Collected data:
□ □ □ □ □

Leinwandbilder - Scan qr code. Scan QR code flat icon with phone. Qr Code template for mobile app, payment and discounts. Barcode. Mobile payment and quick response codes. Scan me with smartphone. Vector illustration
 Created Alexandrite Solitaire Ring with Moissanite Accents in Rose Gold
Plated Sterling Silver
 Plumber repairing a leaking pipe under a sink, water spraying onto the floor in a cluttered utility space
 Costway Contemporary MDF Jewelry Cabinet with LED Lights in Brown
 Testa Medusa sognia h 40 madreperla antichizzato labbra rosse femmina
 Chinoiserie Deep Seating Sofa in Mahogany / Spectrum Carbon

□ □ □ □ □

Task details.
Without changing a word, write out each entry again.

Exercise output.
Leinwandbilder - Scan qr code. Scan QR code flat icon with phone. Qr Code template for mobile app, payment and discounts. Barcode. Mobile payment and quick response codes. Scan me with smartphone. Vector illustration
 Created Alexandrite Solitaire Ring with Moissanite Accents in Rose Gold
Plated Sterling Silver
 Plumber repairing a leaking pipe under a sink, water spraying onto the floor in a cluttered utility space
 Costway Contemporary MDF Jewelry Cabinet with LED Lights in Brown
 Testa Medusa sognia h 40 madreperla antichizzato labbra rosse femmina
 Chinoiserie Deep Seating Sofa in Mahogany / Spectrum Carbon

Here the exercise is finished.